Migrant workers comprise nearly 90 percent of the workforce in the private sector in the UAE. They are denied basic rights such as freedom of association and the right to collective bargaining.
Human Rights Watch urged the UAE government to drastically expand its staff overseeing migrant labor treatment. According to government sources, the ministry of labor employs only 80 inspectors to oversee the activities of nearly 200,000 businesses that sponsor and employ migrant workers.
The UAE government should also reform its labor laws to conform to international standards set by the International Labor Organization, and become a party to the International Convention on the Protection of the Rights of All Migrant Workers and Members of Their Families, Human Rights Watch said.
The UAE is not a party to key international human rights treaties such as the International Covenant on Civil and Political Rights.
Employers routinely deny construction workers their wages. Officials with the UAE Permanent Committee for Labor and Immigration told Human Rights Watch that last year alone, nearly 20,000 workers filed complaints with the government about the non-payment of wages and labor camp conditions.
Most construction workers secure work in the UAE by taking loans from recruiting agencies in their home country.
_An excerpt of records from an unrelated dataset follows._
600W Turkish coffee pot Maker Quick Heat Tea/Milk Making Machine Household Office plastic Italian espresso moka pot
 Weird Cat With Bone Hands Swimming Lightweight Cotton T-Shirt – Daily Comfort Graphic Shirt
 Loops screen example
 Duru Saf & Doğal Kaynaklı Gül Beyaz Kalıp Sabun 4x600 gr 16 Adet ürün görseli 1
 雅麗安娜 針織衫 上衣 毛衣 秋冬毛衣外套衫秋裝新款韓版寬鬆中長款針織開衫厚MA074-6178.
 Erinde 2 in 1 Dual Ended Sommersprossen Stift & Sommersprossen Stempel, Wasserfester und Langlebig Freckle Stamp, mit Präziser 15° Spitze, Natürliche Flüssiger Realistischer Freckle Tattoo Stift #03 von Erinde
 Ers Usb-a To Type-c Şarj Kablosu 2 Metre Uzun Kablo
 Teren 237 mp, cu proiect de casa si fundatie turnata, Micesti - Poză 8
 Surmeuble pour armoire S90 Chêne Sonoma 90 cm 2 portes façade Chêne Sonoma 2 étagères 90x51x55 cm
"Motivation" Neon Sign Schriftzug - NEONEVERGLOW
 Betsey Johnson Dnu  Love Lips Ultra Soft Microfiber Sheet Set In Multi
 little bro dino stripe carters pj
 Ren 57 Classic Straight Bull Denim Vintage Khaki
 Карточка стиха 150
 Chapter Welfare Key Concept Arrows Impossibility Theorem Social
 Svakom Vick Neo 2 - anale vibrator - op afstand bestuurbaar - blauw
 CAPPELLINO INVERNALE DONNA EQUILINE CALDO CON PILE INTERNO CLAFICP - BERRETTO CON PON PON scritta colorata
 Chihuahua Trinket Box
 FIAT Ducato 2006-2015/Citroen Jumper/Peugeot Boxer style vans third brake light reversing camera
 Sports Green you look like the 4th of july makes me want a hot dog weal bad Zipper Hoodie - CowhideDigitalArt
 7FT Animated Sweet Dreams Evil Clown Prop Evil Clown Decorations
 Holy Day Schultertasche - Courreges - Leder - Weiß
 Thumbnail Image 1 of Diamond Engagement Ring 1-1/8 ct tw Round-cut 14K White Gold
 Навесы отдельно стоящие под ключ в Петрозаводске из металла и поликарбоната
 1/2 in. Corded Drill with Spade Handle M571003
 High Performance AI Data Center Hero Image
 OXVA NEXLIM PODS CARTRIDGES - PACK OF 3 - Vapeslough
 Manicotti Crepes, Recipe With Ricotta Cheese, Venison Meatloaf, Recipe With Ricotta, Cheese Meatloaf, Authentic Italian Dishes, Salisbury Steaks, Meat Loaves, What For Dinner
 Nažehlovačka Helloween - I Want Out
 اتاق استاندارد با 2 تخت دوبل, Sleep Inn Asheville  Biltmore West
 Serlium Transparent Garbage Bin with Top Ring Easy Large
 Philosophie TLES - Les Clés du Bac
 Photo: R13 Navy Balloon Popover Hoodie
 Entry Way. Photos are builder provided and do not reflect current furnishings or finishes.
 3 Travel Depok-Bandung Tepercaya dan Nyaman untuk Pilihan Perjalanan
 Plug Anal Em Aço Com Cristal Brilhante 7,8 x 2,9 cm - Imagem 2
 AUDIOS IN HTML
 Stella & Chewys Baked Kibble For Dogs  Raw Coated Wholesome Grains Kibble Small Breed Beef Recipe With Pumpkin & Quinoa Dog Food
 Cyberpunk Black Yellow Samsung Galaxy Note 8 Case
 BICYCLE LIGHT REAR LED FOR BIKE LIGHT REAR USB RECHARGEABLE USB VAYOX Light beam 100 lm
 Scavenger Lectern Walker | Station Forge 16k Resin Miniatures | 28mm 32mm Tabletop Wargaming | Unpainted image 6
A typical construction worker uses a large portion of his wages towards repayment of such loans on a monthly basis, and without wages he falls further into debt. The result is virtual debt bondage.
Death and injury at the workplace are also on the rise. Independent research published in local media found that as many as 880 deaths occurred at construction sites in 2004. These numbers were compiled by surveying embassies of countries that have large number of workers in the UAE. Government figures contrast sharply with these findings, stating that the total number of deaths in 2004 was only 34.
“The government is turning a blind eye to a huge problem,” said Whitson. “If it doesn’t start taking drastic new steps to improve conditions, further unrest seems inevitable.”
The governments of the United States, the European Union, and Australia are currently negotiating free trade agreements with the UAE. Human Rights Watch called on these governments to require improvement of UAE’s labor practices and legal standards before signing such agreements. Human Rights Watch also urged these governments to include in any free trade agreements reached with the UAE strong, enforceable workers’ rights provisions that require parties’ labor laws to meet international standards, and the effective enforcement of those laws.
Human Rights Watch recently conducted a fact-finding mission on the conditions of migrant workers in the UAE and will be releasing its full findings in the next few months.